Records for this task:
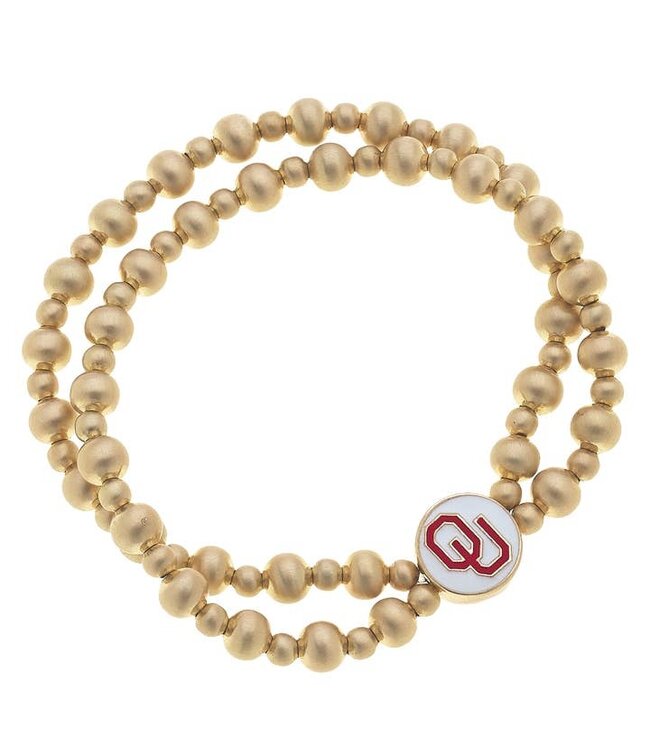 Oklahoma Sooners 2 -Row Ball Bead Stretch Bracelet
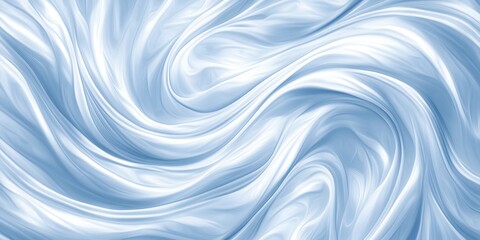 Abstract Background With Delicate Vivid Fluid Waves In Pastel Blue Tones, Dynamic Wavy Pattern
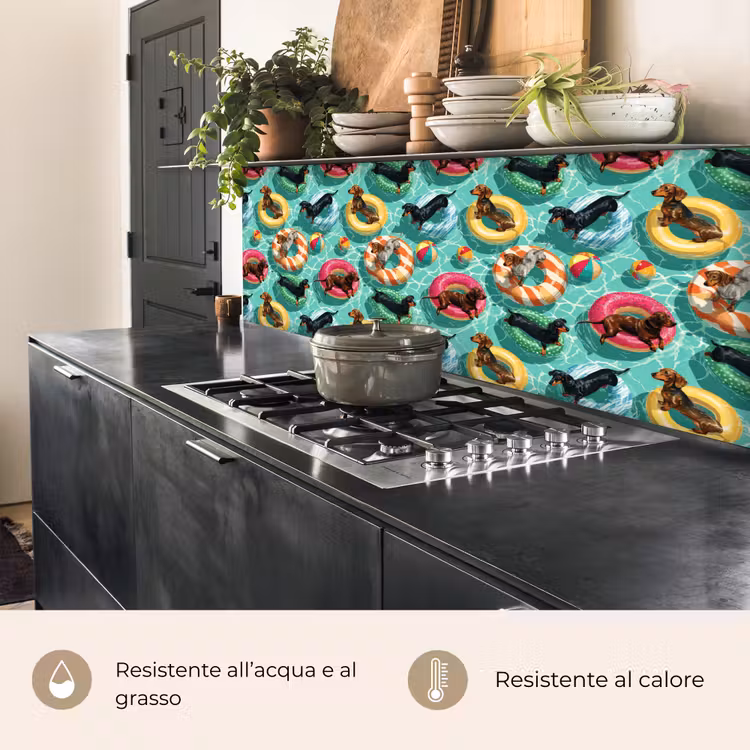 Schienale cucina - Bassotti - Piscina - Colorato — 5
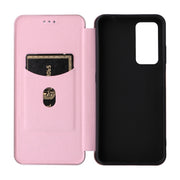 For Blackview A85 Carbon Fiber Texture Flip Leather Phone Case(Pink)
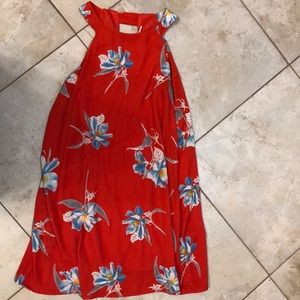 Red floral dress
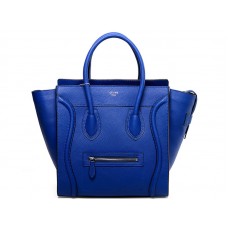 Sac cabas moyen Celine Luggage en cuir de veau bleu royal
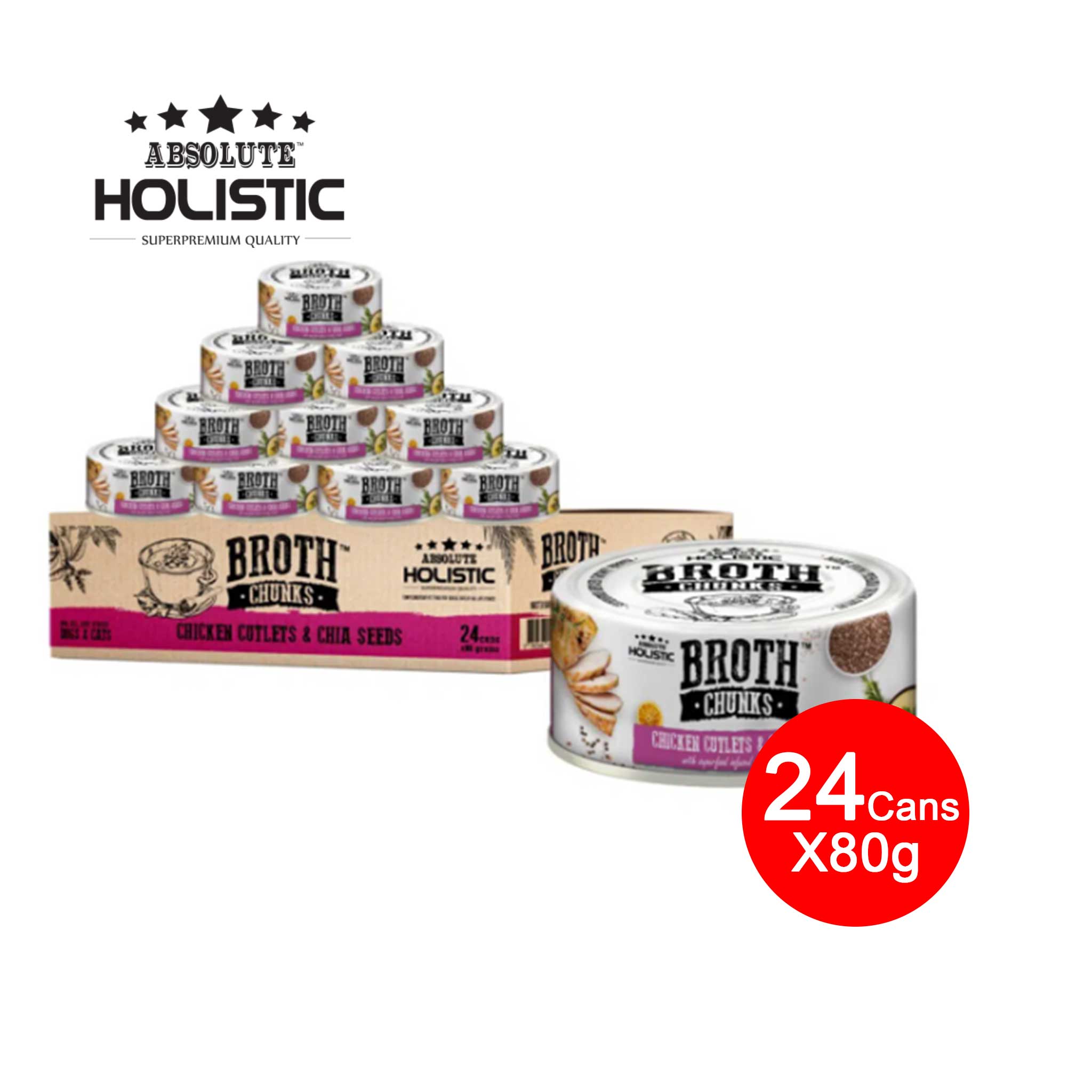 [CNT OF 24] Absolute Holistic Chicken Cutlets & Chia Seeds (80g)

Task:
Your answer must be the lines from the one holding "Red floral dress" through the final line of the records above, exactly as written and without any pictures.

Answer to this task:
 Red floral dress
 Sac cabas moyen Celine Luggage en cuir de veau bleu royal
 [CNT OF 24] Absolute Holistic Chicken Cutlets & Chia Seeds (80g)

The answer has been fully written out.